Timbuktu Enstitüsü Direktörü Bakary Sambe'ye göre İmam Dicko'nun yükselişi aslında Mali'deki siyasi elitin çöküşünün sembolü. Sambe'nin Alex'in görüşlerini 2019'da başkent Bamako'da yapılan bir araştırma doğruluyor.

Ankete göre, Devlet Başkanı Keita ve birçok politikacının güvenilirliği, Dicko ve Sufi lider Cherif'e duyulan güvenden ve destekten çok daha düşük.
Anket sonuçlarına göre, Dicko %72, Cherif %75' lik bir onay alırken, anket katılımcılarının sadece %26'sı Keita'yı tercih etti.

Keita'ya istifa çağrıları gün be gün yükselmesine rağmen, Devlet Başkanı Keita'nın koltuğunu bırakması şu an için gerçekçi bir senaryo gibi görünmüyor. Bunun en büyük nedeni ise BM, Avrupa Birliği, Afrika Birliği ve Batı Afrika Birliği gibi uluslararası çevrelerde hakim olan, Keita'nın terör tehdidiyle kırılgan bir süreçten geçen ülkenin koltuğunda kalması düşüncesi.

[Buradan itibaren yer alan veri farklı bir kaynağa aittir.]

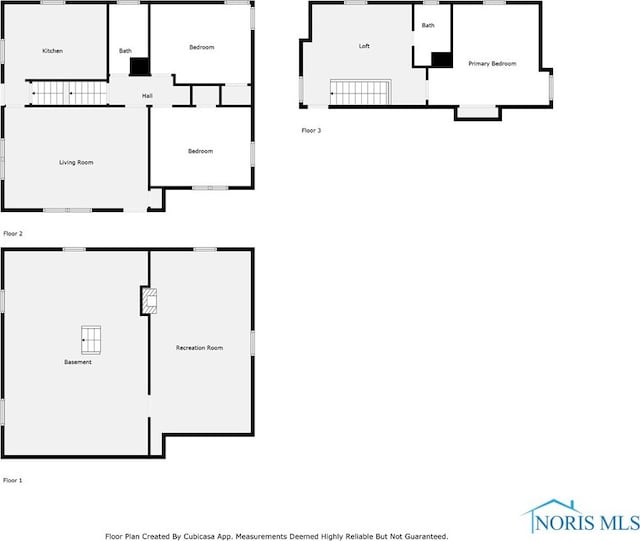 1421 Hurd Ave, Findlay, OH 45840 - view of room layout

Buna rağmen şu gerçek de göz ardı edilmeyecek kadar önemli: Mali Anayasasına göre Keita 2023 seçimlerinde üçüncü kez aday olamayacak. Bunun yanı sıra Keita'nın toplum nezdinde güvenirliliğini her geçen gün düşerken, Dicko bugün Mali siyasetinde en büyük aktör.